Characterization of gene regulation and gene expression under in vivo conditions is a prerequisite for alternative treatment approaches, including the development of new drug targets and vaccination strategies. The S. aureus transcriptome under in vivo conditions has not been well characterized. Global S. aureus gene expression in vitro has been investigated after in vitro exposure to microbicides [32], in response to mild acid [33], during growth in biofilm [34], in blood [35], and after phagocytosis [36]. Changes in S. aureus gene expression during early adaptation to the mouse lung have been described [19], and Date et al. recently reported global S. aureus gene expression in human abscesses and infected murine kidneys [20]. Our study is the first description of the S. aureus transcriptome during an established endocardial infection. We used rich medium (TSB) as an in vitro comparator condition, although minimal medium such as Roswell Park Memorial Institute medium may better reflect iron-limited conditions in vivo. The choice of TSB as the in vitro comparator medium may explain some of the differences in gene expression reported (for example, iron-rich medium versus iron-depleted in vivo conditions). However, one of the aims of our study was to compare the gene expression pattern observed in endocarditis vegetations to gene expression found during growth under standard laboratory conditions. Our approach thus ensures comparability to previously published in vitro data (including previous microarray data, for example [26,36-38]). It also highlights the important contribution of in vivo conditions (for example, iron starvation) to S. aureus gene expression during an infection. An additional limitation of our study is the lack of a glucose-supplemented in vitro control arm. However, the fact that we did not observe significant differences in S. aureus virulence gene expression between nondiabetic and diabetic rats makes this additional control less important.
S. aureus COL is a well-defined and sequenced MRSA strain, which we used for the experiments with diabetic versus nondiabetic rats and the microarray analyses. Moreover, all gene expression studies and subsequent analyses were performed with strain COL. A related methicillin-sensitive S. aureus strain (Newman [39]) was used for the single gene knockout studies because of the availability of relevant mutant strains. Mutations in strains Newman and COL have been described [40-42], and both strains are members of clonal complex 8 and readily produce endocarditis in rats.
We observed that more than 100 genes were upregulated in endocardial vegetations compared with in vitro cultures. However, the number of genes significantly downregulated in vivo was approximately two-fold higher than the number of genes upregulated in vivo. This may be because in vivo S. aureus gene expression was analyzed from vegetations three days after bacterial challenge. Date et al. [20] reported similar gene expression patterns in human abscesses and infected murine kidneys for some S. aureus genes, such as the serine proteases spl, gamma-hemolysin, and the opp1 operon. Other genes with higher expression levels in abscesses, such as the isd genes, however, were not differentially expressed in endocardial vegetations in our study.

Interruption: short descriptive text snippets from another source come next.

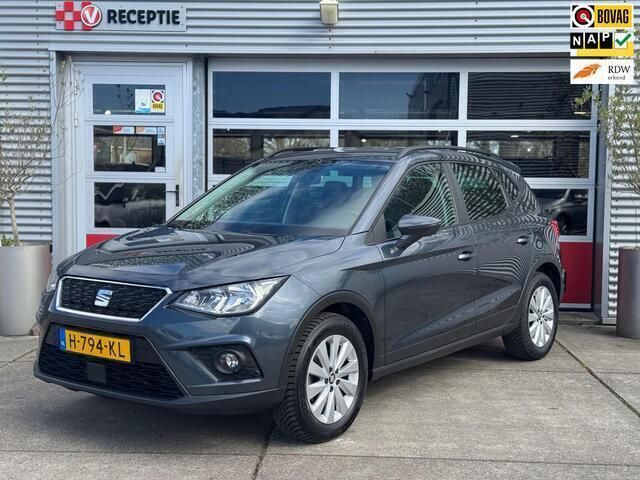 Grijs Gebruikt 2020 Seat Arona Business SUV | € 14.950 (Eerlijke prijs) - Afbeelding 1/4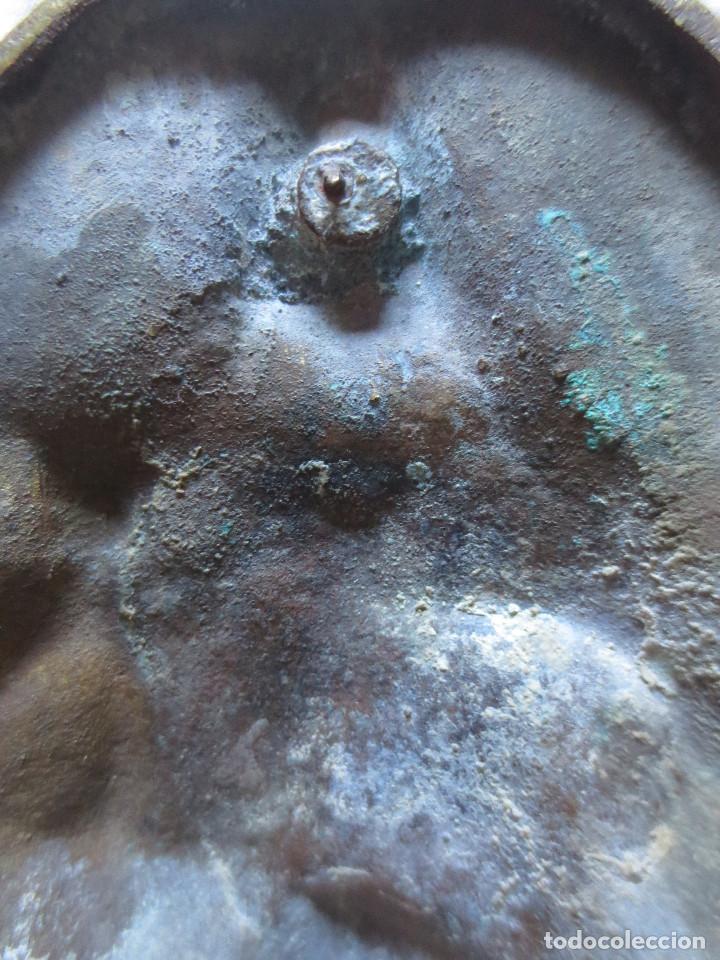 Antig&uuml;edades: PLACA CON RELIEVE DE LA VIRGEN DEL CARMEN - Foto 3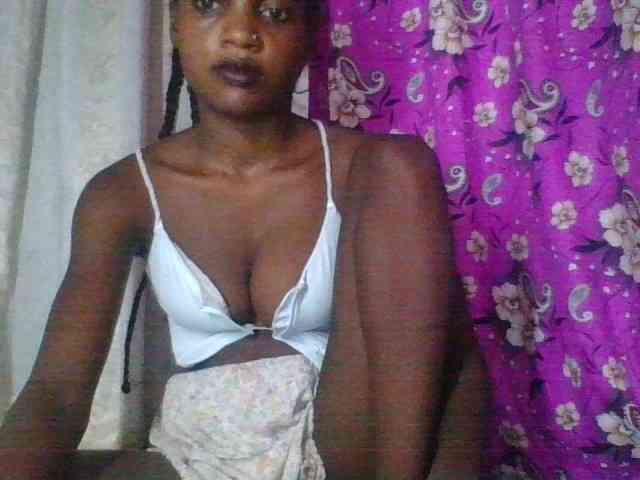 LovelyBlackGirl webcam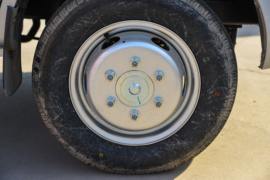 跨越王X1&nbsp;载货车底盘                                                图片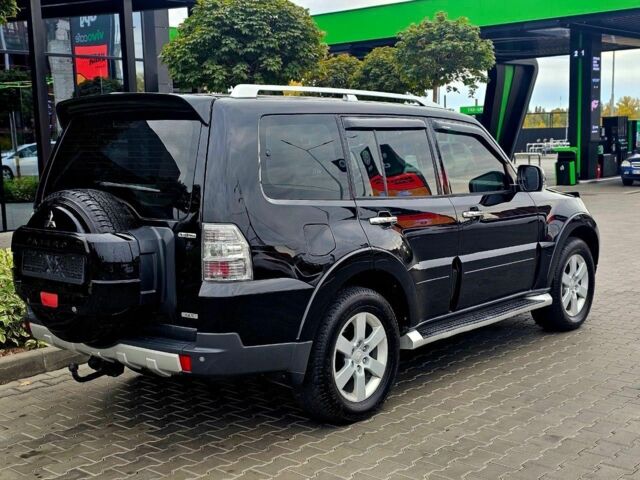 Черный Мицубиси Паджеро, объемом двигателя 3.8 л и пробегом 200 тыс. км за 270 $, фото 5 на Automoto.ua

A majority of the genes that were differentially expressed in endocardial vegetations have not yet been assigned a function or are classified as hypothetical proteins. ClfA is a critical virulence factor in S. aureus endocarditis [10] and clfA transcript levels have been reported to increase after the late logarithmic growth phase in vitro [43]. In our study, clfA was upregulated in vivo versus logarithmic growth phase cells, whereas fibronectin-binding protein A was found to be significantly upregulated in nondiabetic vegetations only. Both are likely to be critical for initiation of infection, as has been described in previous studies [44,45]. Although acapsular strains provoke endocarditis at lower inocula than encapsulated isolates [46], S. aureus recovered from vegetations produce large quantities of capsular polysaccharides [12], consistent with our observation that the cap5 genes were upregulated in established vegetations. Capsule production enhances bacteremia in vivo and renders the bacterium resistant to uptake and killing by neutrophils [47]. Moreover, active and/or passive immunization strategies targeting capsular polysaccharides were able to protect rodents against S. aureus bacteremia [48] and endocarditis [25]. In contrast to the cap5 genes, the dlt operon was downregulated in endocardial vegetations. The dlt genes encode proteins mediating D-alanylation of lipoteichoic and wall teichoic acids, and transcription of the dlt genes is repressed in the presence of cations such as magnesium salt [49]. Higher dlt expression has been associated with daptomycin resistance [50], and the observation that dlt is downregulated in endocardial vegetations could thus support clinical and preclinical data on the use of daptomycin in staphylococcal endocarditis [51,52].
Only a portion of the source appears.